No caso em apreço, ao contrário do caso constante no Parecer 12/PP/2022-C, o aviso de confidencialidade aposto pelo Senhor Dr. HC... nas suas comunicações eletrónicas diz expressamente que o conteúdo da mensagem “é confidencial” (e não que “pode ser confidencial”) e que “contem, designadamente para os efeitos do disposto no artigo 108.º, n.º 1, do Estatuto da Ordem dos Advogados, matéria confidencial e legalmente protegida” (e não que “pode conter matéria confidencial”). Não obstante, também se verifica que se trata de uma frase genérica, relegada para o final do email, escrita com letras mais pequenas que as do corpo do email, enviada de forma sistemática e indiscriminada em todos os emails enviados pelo remetente. Ora, esta prática, como tem sido entendimento deste Conselho Regional, ainda que haja a indicação do artigo 113º, não assegura o caráter absolutamente confidencial da correspondência.
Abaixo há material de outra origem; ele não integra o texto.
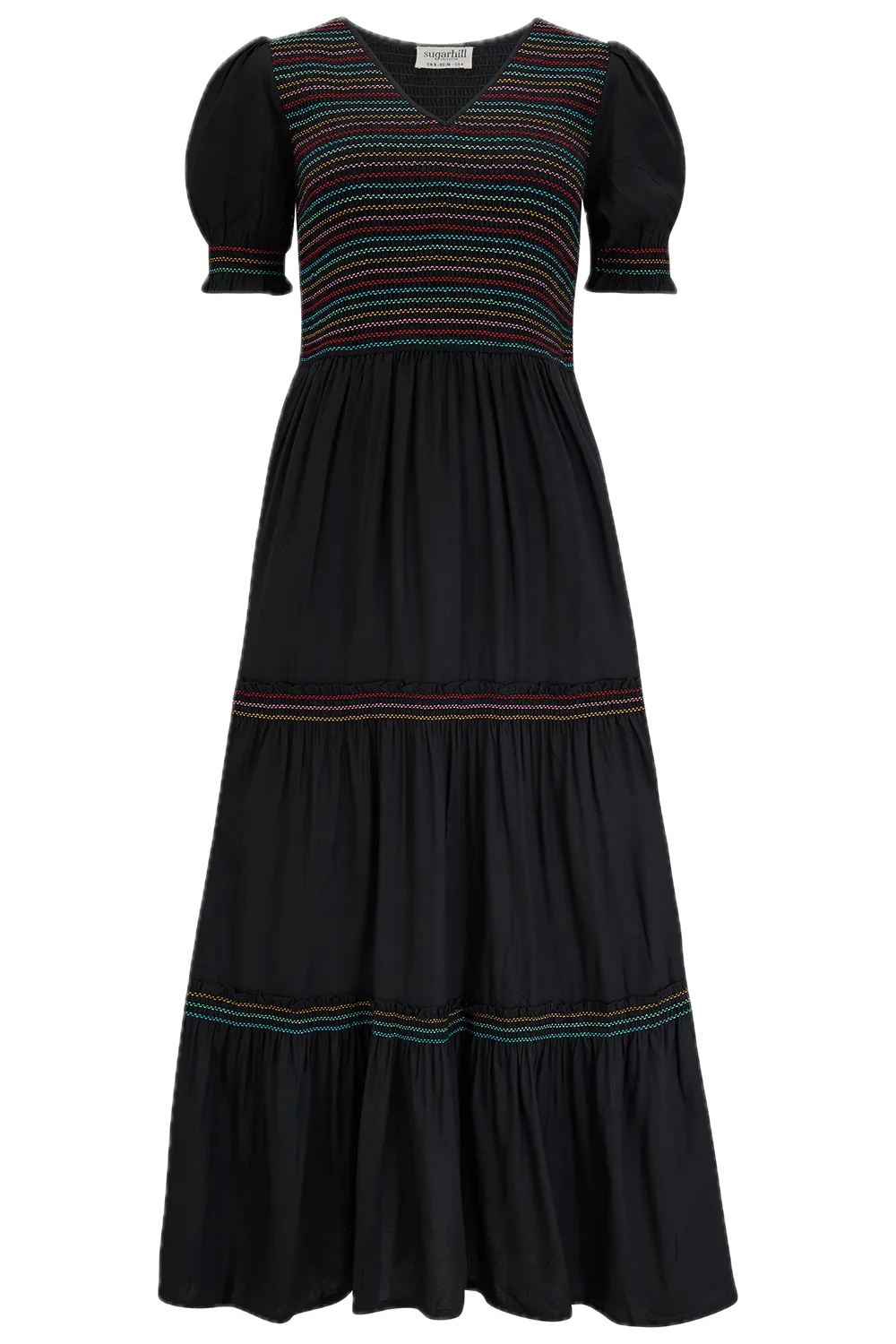 Vestido Sugarhill Harley Midi Negro Rainbow Shirring - ECRU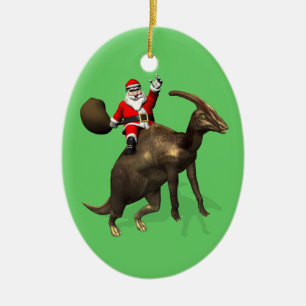 Santa Claus Riding On Parasaurolophus Ceramic Tree Decoration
Não se encontra, assim, preenchido o segundo requisito enunciado.

A apreciação do terceiro requisito – os factos devem ser efetivamente sigilosos nos termos e para efeito do disposto no artigo 92.º, n.º 1 do EOA – confunde-se com a segunda questão submetida a apreciação, pelo que serão analisados conjuntamente.

O artigo 92.º do EOA não impõe uma proibição absoluta de revelação de correspondência subscrita por Advogado, mas, antes, a proibição de revelação dessa correspondência quando aí sejam revelados factos sujeitos a segredo profissional, ou seja, factos sigilosos. A questão essencial é, assim, a de apurar se os factos constantes das comunicações em apreciação estão ou não sujeitos a tal obrigação.

Cotejando as comunicações cuja apreciação nos é solicitada, constatamos que as mesmas contêm cariz negocial, reportando factos que chegaram ao conhecimento dos respetivos advogados no contexto do exercício das suas funções e durante negociações para resolução extrajudicial do litígio, traduzindo um itinerário de negociações entre as partes, denunciando a tentativa de uma resolução (malograda) extrajudicial do diferendo que afasta as partes, nada permitindo descartar que os factos aí expressos não se encontrem imbuídos numa matriz de confiança.

Com fundamento em todo o exposto, somos, assim, de parecer que a matéria constante da correspondência (acima enunciada 1 a 15) trocada entre os advogados identificados está sujeita a segredo profissional, subsumindo-se nas alíneas e) e f) do artigo 92.º do EOA. A revelação das comunicações em causa depende de prévia decisão de levantamento do segredo profissional, a qual, caso seja do interesse do Senhor Advogado Requerente, deve ser requerida nos termos do n.º 4 do artigo 92.º e do Regulamento de Dispensa de Sigilo Profissional.

 



[1] Acredita-se que a referência ao artigo 108.º, n.º 1, do Estatuto da Ordem dos Advogados, se reporte à versão ínsita no Estatuto da Ordem dos Advogados aprovado pela Lei n.º 15/2005, de 26 de janeiro, e, entretanto, revogado pela Lei n.º 145/2015, de 9 de setembro, que aprovou o atual Estatuto da Ordem dos Advogados. Na versão em vigor, a matéria atinente à correspondência entre advogados e entre estes e solicitadores encontra-se inscrita no artigo 113.º.